Dual memory networks: We posit that a good continual learning system needs to be fast at acquiring new tasks, but at the same time should also protect previously learnt tasks without losing performance on them. It is easy to see that these two requirements are conflicting in nature and hard to satisfy simultaneously. Hence, inspired by nature's solution to this problem, we propose a dual memory network to combat catastrophic forgetting.

Deep Generative Dual Memory Network

Figure 2: Deep Generative Dual Memory Network

Our model (DGDMN) shown in figure 2 comprises of a large deep generative memory (DGM) called the long-term memory (LTM) which maintains information about all previously learnt tasks, thereby emulating the human neocortical learning system, and a short-term memory (STM) which behaves similar to the human hippocampal system and learns new incoming tasks quickly without interfering with the existing performance on the previous tasks. The STM is a collection of small, dedicated, task-specific deep generative memories (called short-term task memory -- STTM), which can each learn one unique task. Whenever a new task comes in, if it is already in an STTM, the same STTM is used to retrain on it, otherwise a fresh STTM in the STM is allocated for the task. Additionally, if the task has been consolidated into the LTM previously, then the LTM reconstructs the incoming samples for that task using the generator (hence we use a VAE), predicts labels for the reconstructions using its learner and sends these newly generated samples to the STTM allocated to this task. This provides extra samples on tasks which have been learnt previously and helps to learn them better, while also preserving the previous performance on that task to some extent.
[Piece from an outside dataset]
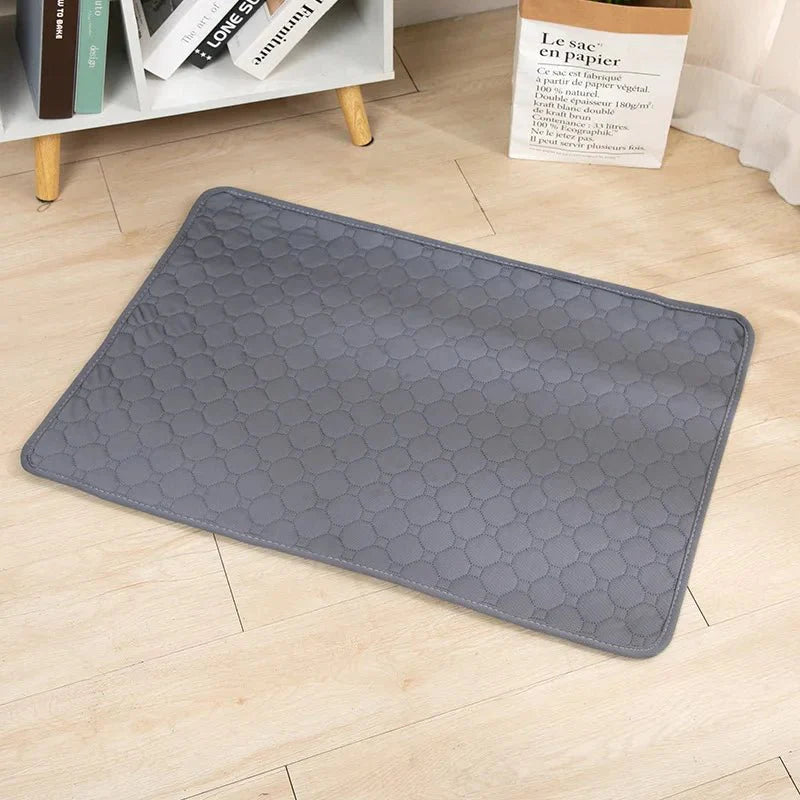 Dailypets Washable Pet Training Pad with Waterproof Base for Dogs and Puppies Daily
Once all STTMs in the STM are exhausted (say after learning $n_{STM}$ tasks), the architecture sleeps (like humans do) in order to consolidate all tasks in the STM into the LTM and free up the STTMs for new incoming tasks. While asleep, the STM generates samples of learnt tasks from all STTMs and sends them to the LTM, where these tasks are consolidated while preserving all the LTM's previous knowledge via deep generative replay (figure 2).

Testing with our architecture can be done after training on all tasks or even during intermediate steps. While predicting task labels for task $t$, if any STTM currently contains task $t$, it is used to predict the labels, else the prediction is deferred to the LTM. This allows us to take advantage of all the tasks seen uptil now (including the most recent ones).

Human-like gradual forgetting: Note that after learning many tasks, the LTM would need a larger total number of samples to consolidate all previously learnt tasks. But due to the maximum limit ($N_{max}$), this cannot be done indefinitely. Hence, our generative replay strategy gradually reduces the fraction of samples per previously learnt task and causes slow forgetting of previous tasks as opposed to catastrophic forgetting. This also causes an eventual slowdown in learning new tasks, although they continue to be learnt because of the minimum fraction of LTM ($\kappa$) granted to them for every consolidation. This is synonymous to how learning slows down in humans as they age, but forgetting is only gradual and not catastrophic.

Results

We perform experiments to demonstrate forgetting on sequential image classification tasks. Here we will only show a few results. For all the experiments, results and analysis please refer to the full paper.

Datasets: We used the following datasets for our experiments:

Permnist: An existing benchmark dataset in continual learning literature, where each new task consists of classifying some fixed permutation of pixels on images from the MNIST dataset. This way each task is as hard as MNIST and the tasks share some common underlying structure.
Digits: We introduce this smaller dataset which contains 10 tasks with the $t^{th}$ task being classification of digit $t$ from the MNIST dataset.
TDigits: Another transformed variant of MNIST with all ten digits, and some transformations of them as classification tasks making a total of 40 tasks. It poses similar difficulty as the Digits dataset and we use it for experiments involving longer sequence of tasks.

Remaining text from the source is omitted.